次の①、②の場合で、その後後確定した対価の額が見積額と異なるときは
① 見積額が記載されたインボイスの交付を受ける場合
取引の相手方から見積額が記載されたインボイスの交付を受ける場合、これを保存することで見積額による仕入税額控除が認められます※1。
後日、確定額が見積額と異なるときは、確定額が記載されたインボイス(対価の額を修正したインボイス)の交付を受けた上で、これを保存する必要があります。
② 見積額が記載されたインボイスの交付を受けられない場合
見積額が記載されたインボイスの交付を受けられない場合であっても、電気・ガス・水道水の供給のようなインボイス発行事業者から継続して行われる取引※2については、見積額が記載されたインボイスや仕入明細書の保存がなくとも、後日、金額が確定したときに交付されるインボイスを保存することを条件として、課税仕入れを行う事業者が課税期間の末日の現況により適正に見積もった金額で、仕入税額控除を行うこととして問題ありません。
※1 見積額を記載した仕入明細書を自ら作成し、相手方の確認を受けた場合は、これを保存することで見積額による仕入税額控除が認められます。確定額が見積額と異なる場合の取扱いは、確定額のインボイスを受け取った場合と同じです。

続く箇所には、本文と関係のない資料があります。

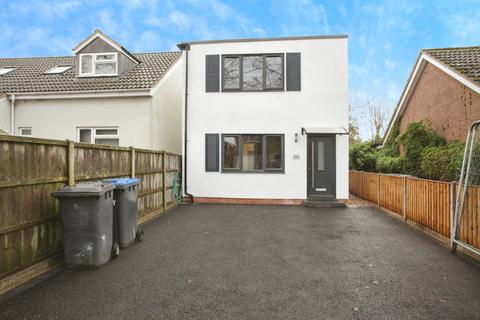 3 bedroom detached house for sale, Dunsmore Avenue, Hillmorton, Rugby, CV22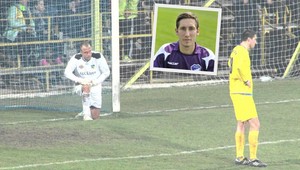 Bude gól roka z druhej maďarskej ligy? Zázračná pätička spoza šestnástky!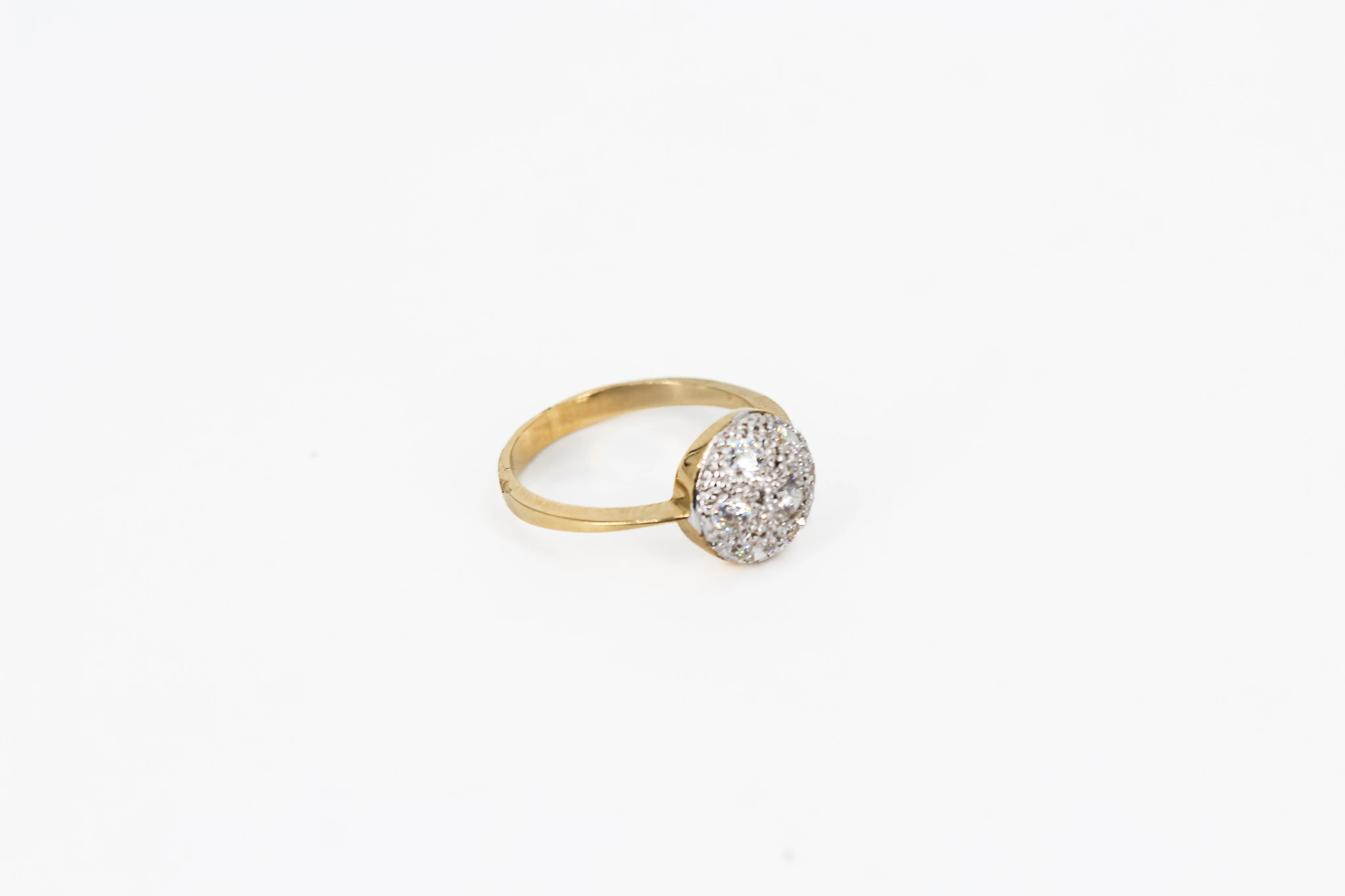 Anillo de oro 18K con circonita ovalada — vista alternativa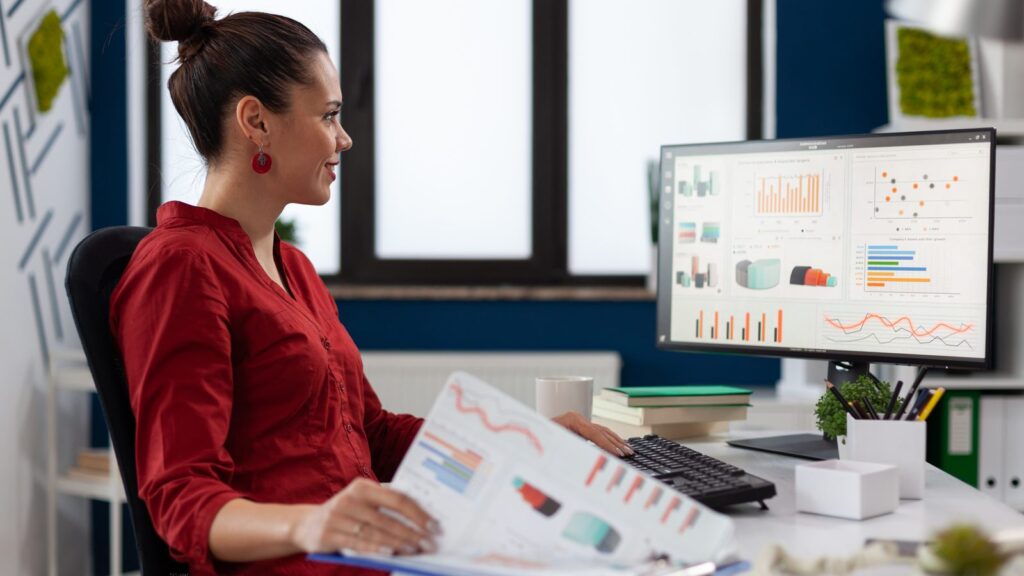 ChatGPT Ads vale a pena: profissional compara gráficos impressos com os números de campanha na tela do computador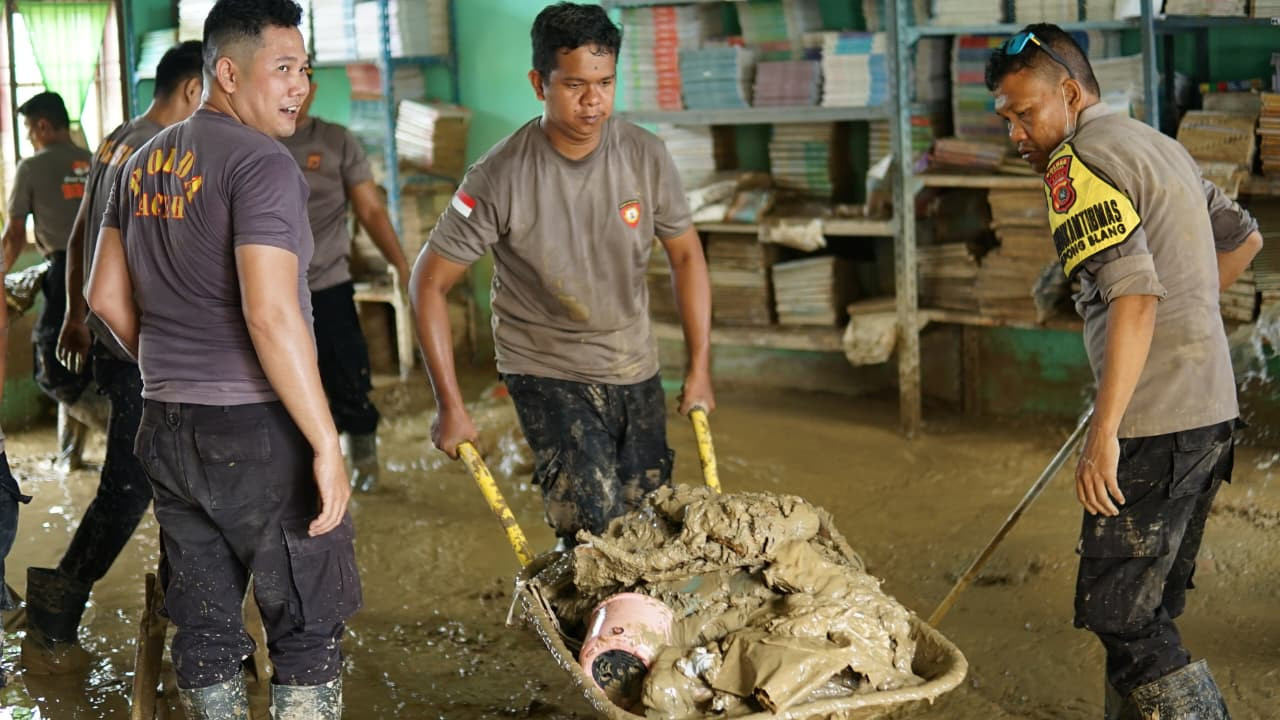 Bhakti Pendidikan Polri, Polres Langsa Bersihkan Sekolah Pascabanjir di Aceh Tamiang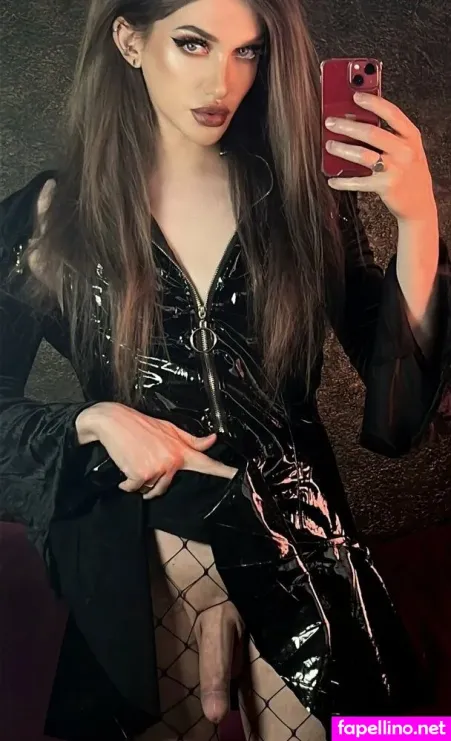 Melisandre OnlyFans Thumbnail #A7tNKt1yWd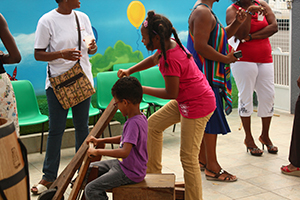 Les enfants et leurs parents au cours de cette matinée portes ouvertes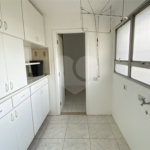 Apartamento à venda com 3 quartos, sendo 1 suíte, em Campo Belo, São Paulo, SP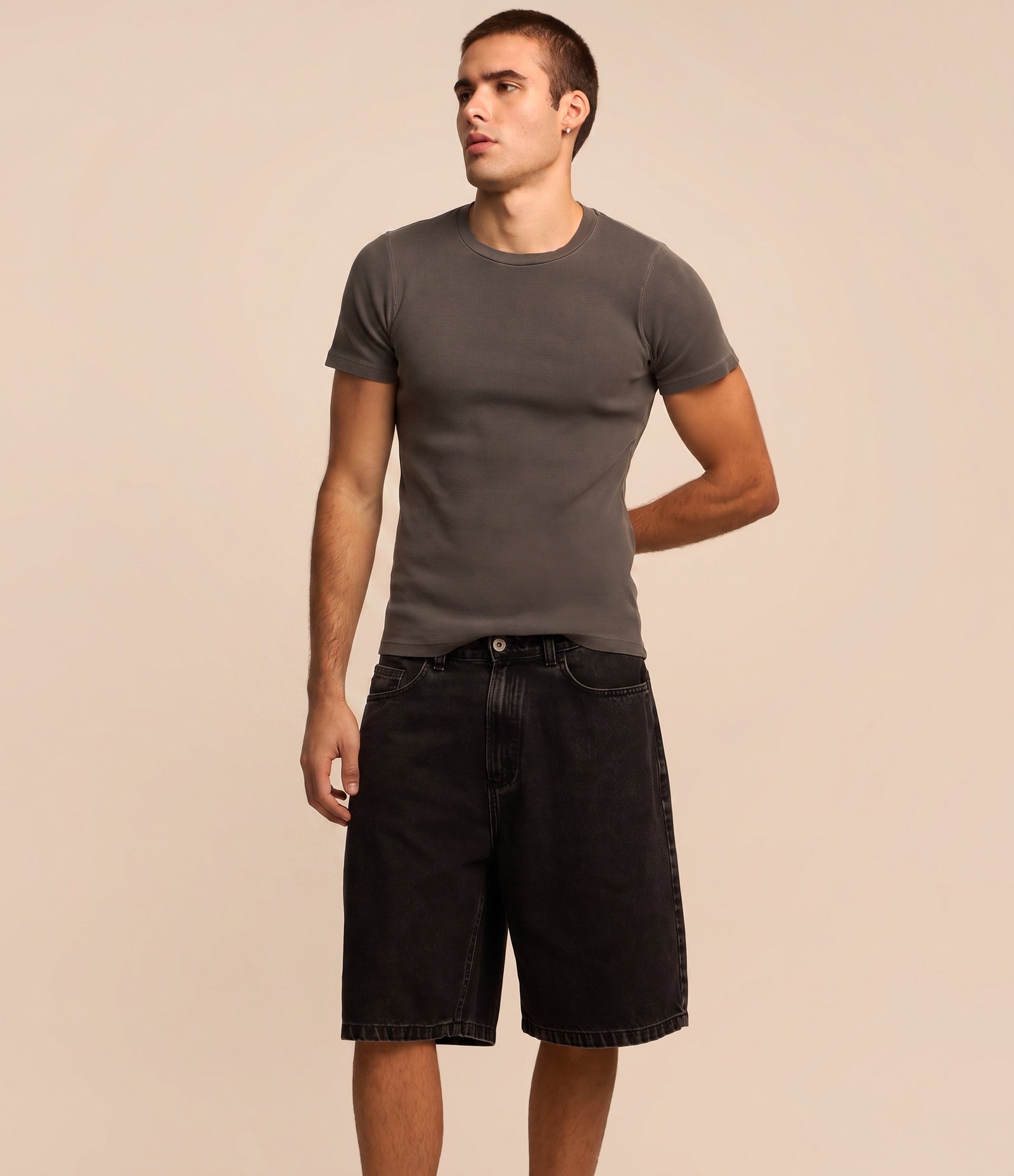 Bermuda Baggy Vintage em Jeans Preto 1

※2 このほか、たとえば、機械などの保守点検、弁護士の顧問契約のように契約に基づき継続的に課税資産の譲渡等が行われ、金額が確定した際にインボイスの交付を受ける蓋然性の高い取引も同様に取り扱います。
確定額の取り扱いは次のとおりです
確定した対価の額に基づく課税仕入れに係る消費税額と見積額に基づく課税仕入れに係る消費税額との差額を、その確定した日の属する課税期間における課税仕入れに係る消費税額に加算または減算することになります。
仕入税額の計算方法が割戻し計算の場合は
確定した対価の額と見積額との差額をその確定した日の属する課税期間の課税仕入れに係る支払対価の額に加算し、または課税仕入れに係る支払対価の額から控除することになります。
短期前払費用の適用を受けた金額が契約変更により変動した場合も同様に考えます
<参考>
→ 短期前払費用の取り扱いについて~ インボイス制度 消費税[415]
(出所:インボイスに関するQ&A 令和5年4月改訂 問94,96)
「変化を探し、変化に対応し、変化を機会として利用する。」
(ピーター F.ドラッカー)
大暑の1日、元気にお過ごしくださいね!
【編集後記】
木曜日の「法人税」の記事はお休みしました。